TL;DR
- Chefes de polícia enfrentam um desafio no Tribunal Superior sobre a política de revista íntima pró-trans.
- A orientação permite que pessoas trans solicitem um agente de sua preferência para as revistas.
- Sex Matters afirma que a política representa riscos para agentes mulheres.
- A audiência no tribunal está marcada para 16 de junho de 2026.
- Preocupações foram levantadas sobre segurança e consentimento durante as revistas.
Num confronto dramático, chefes de polícia estão se preparando para uma batalha no Tribunal Superior por uma controversa política de revista íntima pró-trans que acendeu um intenso debate. O National Police Chiefs’ Council e a British Transport Police (BTP) estão sob ataque por sua orientação que permite que pessoas trans solicitem um membro da equipe policial com quem se sintam à vontade para realizar revistas íntimas. Mas nem todos concordam com essa abordagem.
O caso foi levado ao Tribunal Superior pelo grupo de direitos das mulheres com posição crítico-gênero, Sex Matters, que argumenta que essa política levanta sérias preocupações de proteção para agentes mulheres. Eles afirmam que a orientação viola a Seção 54 da Police and Criminal Evidence Act (PACE), que fornece a base legal para revistar pessoas detidas. Segundo a Sex Matters, o consentimento não deveria ser um fator nessas revistas, e eles exigem que o tribunal declare a orientação ilegal.

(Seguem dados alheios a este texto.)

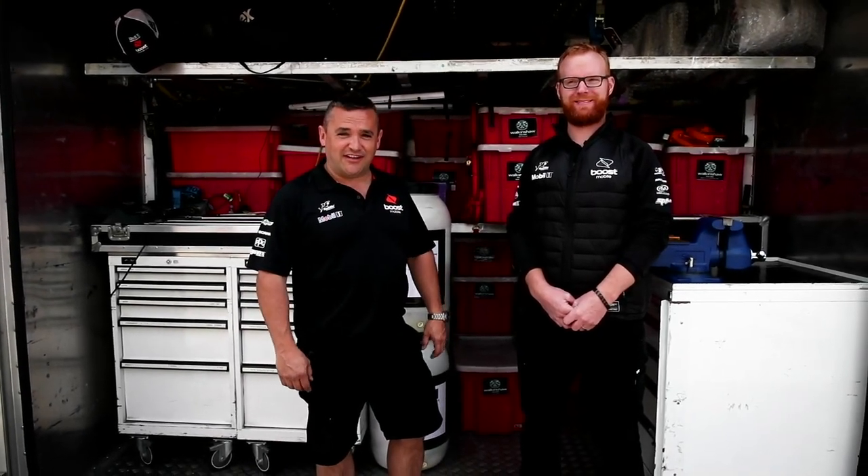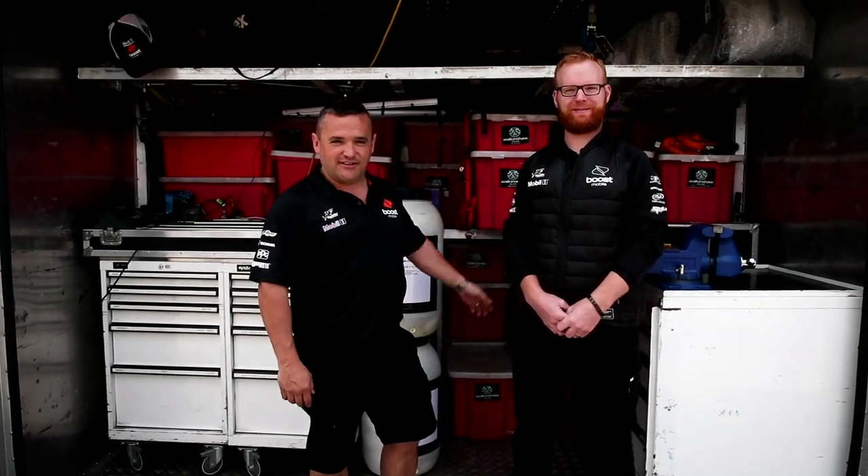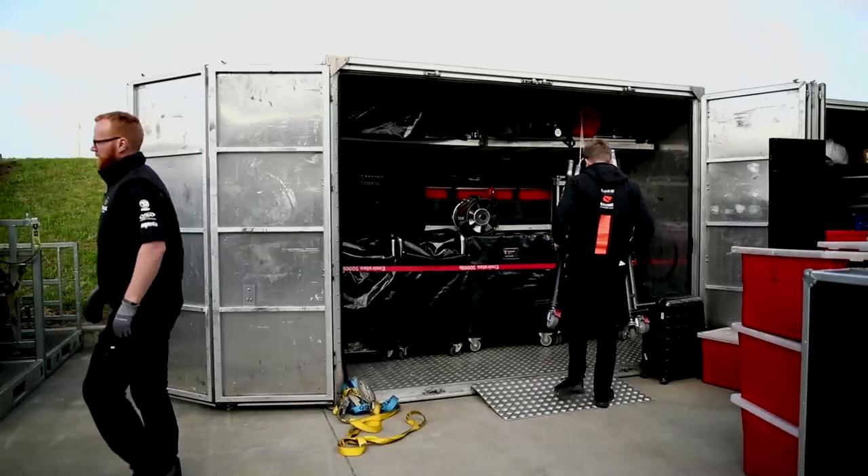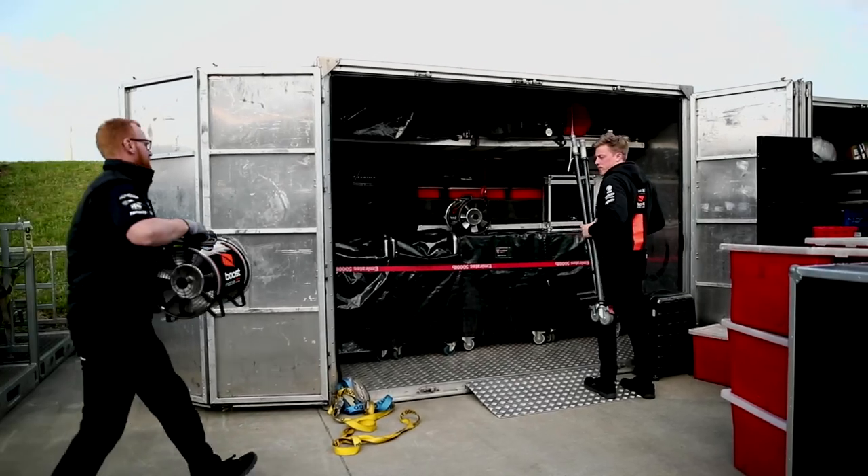Welcome to Mobile One Tech Talk. Today we are talking about our air freight containers. Everything you see in the garage needs to fit in these two containers — three and a half tonnes in each, which is quite difficult but we do it pretty well.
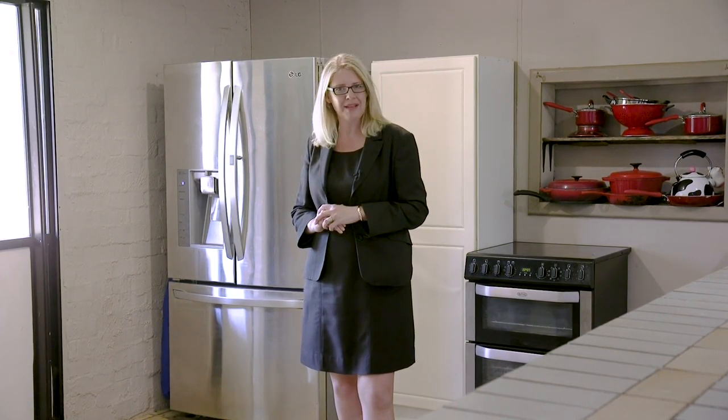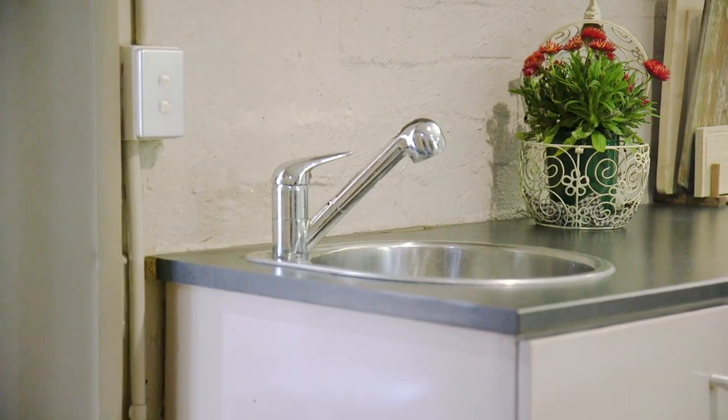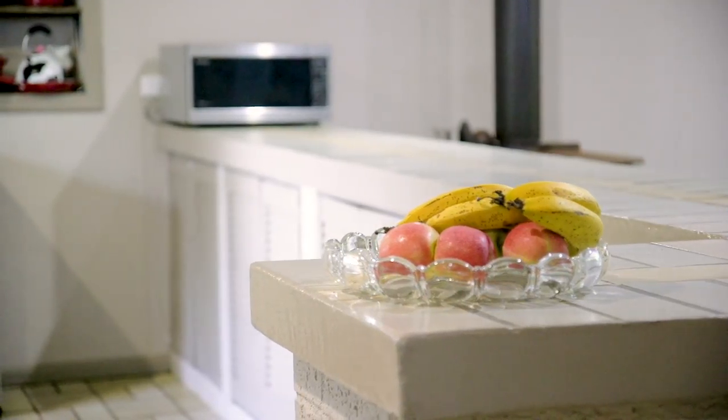This kitchen is absolutely huge. If you love cooking, you will be cooking up a storm in no time, entertaining for your family and friends in this fabulous open-plan kitchen, lounge, and dining area.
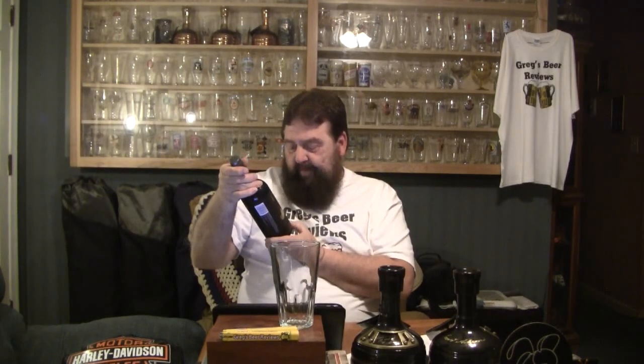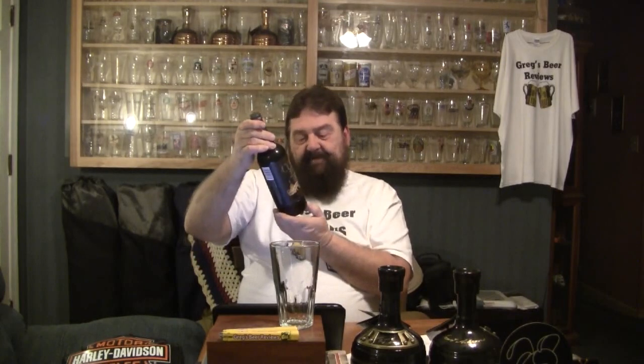Hello everybody, thanks for stopping by Greg's Beer Reviews today. Today's beer comes from Stillwater Artisanal Ales. They're out of Baltimore, Maryland. This is Cellar Door — an American farmhouse ale, a wheat ale brewed with white sage. 6.6% ABV on this one guys.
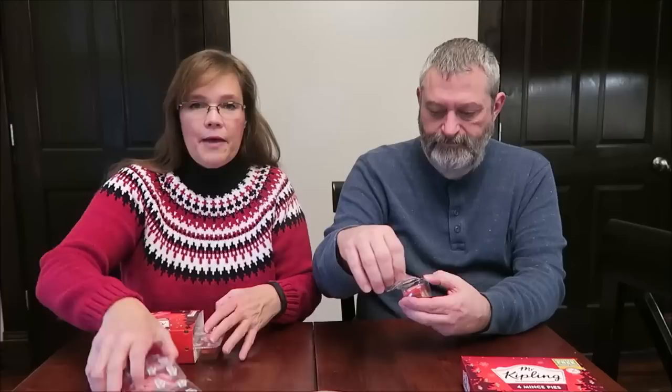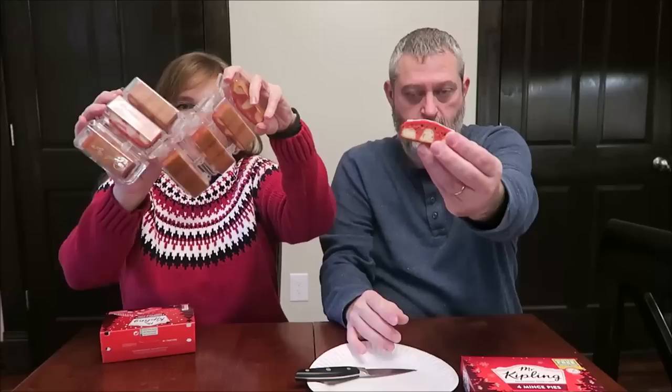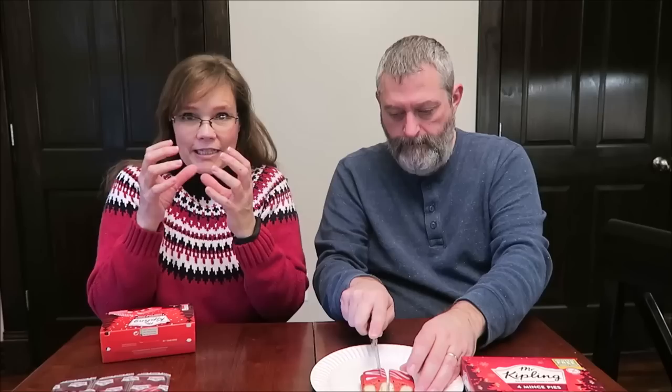These are the Mr. Kipling Raspberry and Vanilla Candy Cane Slices. They just look like candy canes, but they're not — they're raspberry and vanilla. They come in packages, which is nice because each individual cake is in its own little capsule to keep it fresh.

À medida que o verão esquenta, o debate em torno desse tema também esquenta. A BTP afirmou estar comprometida em atender a comunidade trans com justiça, dignidade e respeito. Após uma decisão da Suprema Corte em abril de 2025, que interpretou o sexo de uma pessoa sob a Equality Act 2010, a polícia vem navegando por um cenário delicado. A decisão deixou pessoas trans em estado de incerteza, levando a BTP a implementar medidas voltadas a proteger seus direitos em situações sensíveis como revistas íntimas.
Mas as preocupações levantadas pela Sex Matters são difíceis de ignorar. Maya Forstater, diretora-executiva do grupo, expressou temores de que a política possa levar a situações desconfortáveis ou inseguras durante revistas íntimas. Segundo relatos, agentes demonstraram ansiedade de que mulheres trans possam insistir em ser revistadas por agentes homens para evitar invalidar sua identidade de gênero. Isso levanta sérias questões sobre a segurança e o conforto de todas as pessoas envolvidas, especialmente detidas mulheres que já podem estar vulneráveis.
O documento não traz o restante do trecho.